Pretty bleak news if that was the end of the story. Thanks be to God it is not! “For God so loved the world that he gave his only Son, so that everyone who believes in him might not perish but might have eternal life” (John 3:16 NAB). When asked by those he spoke to on the day of Pentecost, those who were cut to the heart by the realization of their sins against God, “What are we to do, my brothers?”, St. Peter the Apostle responded, “Repent and be baptized, every one of you, in the name of Jesus Christ for the forgiveness of your sins; and you will receive the gift of the holy Spirit” (Acts 2: 37-38 NAB).

What we do with our lives matters. A lot. We are called to live in repentance of our sins, not because God is the is huge taskmaster in heaven, a police officer in the sky looking over our shoulder trying to catch us in whatever sin we may have committed, but because we harm the greatest love relationship known to mankind every time we choose our own will over His. We can not claim to be in relationship with Him and pick and choose which of His commands to follow because it’s easier for us right now. And when we only see such a tiny piece of the whole picture, how can we ever believe we know better than God in anything?

In John 12, Jesus cried out, “Whoever believes in me believes not in me but in him who sent me. And whoever sees me sees him who sent me. I have come as light into the world, so that everyone who believes in me should not remain in the darkness. I do not judge anyone who hears my words and does not keep them, for I came not to judge the world, but to save the world. The one who rejects me and does not receive my word has a judge; on the last day the word that I have spoken will serve as judge, for I have not spoken on my own, but the Father who sent me has himself given me a commandment about what to say and what to speak. And I know that his commandment is eternal life. What I speak, therefore, I speak just as the Father has told me” (John 12: 44-50 NRSVCE).

The words that we will be judged by are life and truth. We all have truth written into the very fabric of our being.
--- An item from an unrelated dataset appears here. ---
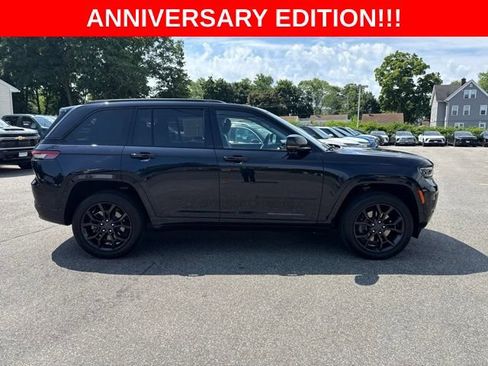 Used 2023 Jeep Grand Cherokee 30th Anniversary AWD/4WD image 5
We are drawn to seek it wherever it leads us, unless we allow the messages of the world to deter us, or stubbornly decide to stay in what we have always known, just because it is more comfortable than learning or doing something new. Truth is uncomfortable sometimes. It can make us squirm when we realize maybe we didn’t have the whole story or we might have to change. But it is always worth the effort to seek it.

I close with one more thought about that fateful day in the Garden of Eden. From the very beginning, God was merciful. Even in the midst of that great sin, the willful turning away from God with all the knowledge of His goodness, untainted by sin, God clothed them. Then, in His great mercy, He kept them out of the Garden of Eden so that they might not then eat of the Tree of Life and live forever in such an awful state. God had a plan right from the start to bring about our salvation, and to right all the wrongs of our world one day (Genesis 3:20-24).
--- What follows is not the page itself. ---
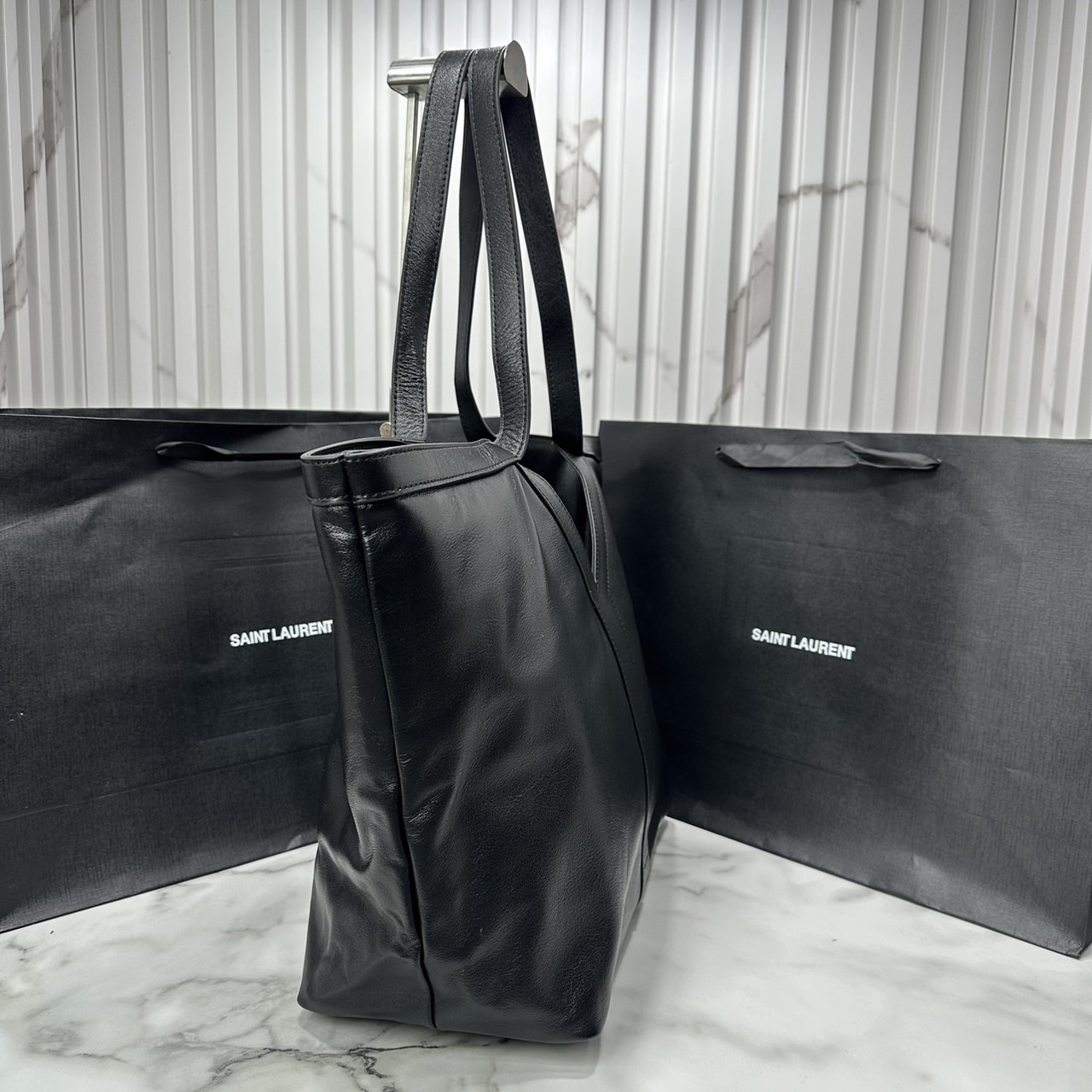 YSL Y TOTE IN LEATHER BAG กระเป๋าสะพายทรงโท้ทใบใหญ่ รุ่นใหม่ล่าสุด งานหนังแท้สวยเต็มใบ ดีไซส์เรียบหรูดูแพงอย่างแท้จริง ภายในโล่งกว้างมาก จุของได้เยอะสุด เอาใจสายแบกแต่ยังคงความหรูไว้ในตัวอย่างแน่นอน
It is not enough to say we believe in God if we are not willing to live in the light of truth. This Advent, we are invited to return to the Sacrament of Reconciliation, to take ownership of the ways we have harmed our relationship with God and others and to put those things right again, to be reconciled with both God and His body of believers. I invite you to consider making time to attend one of the many penance services available throughout the diocese before Christmas.
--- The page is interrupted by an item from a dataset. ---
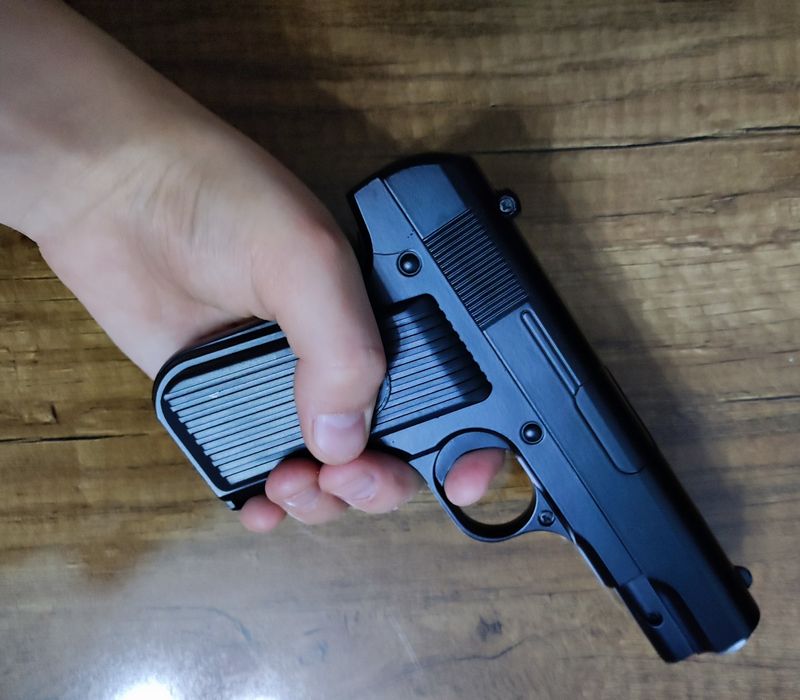 Пистолет стреляет с орбизами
So, how about you? Do you really trust that God is good? Or do you still cling somewhere to false ideas of His character? I am convinced that when we really know Him, if will be harder and harder to choose sin because we will feel such a great desire to please Him, out of sheer gratitude and deep love. But do you really trust Him to provide for you in each circumstance of your life or do you still hang on somewhere to control “just in case” He doesn’t come through? I invite you to release all that you are holding onto today into His merciful and loving hands. What He can do with that sacrifice is beyond all telling!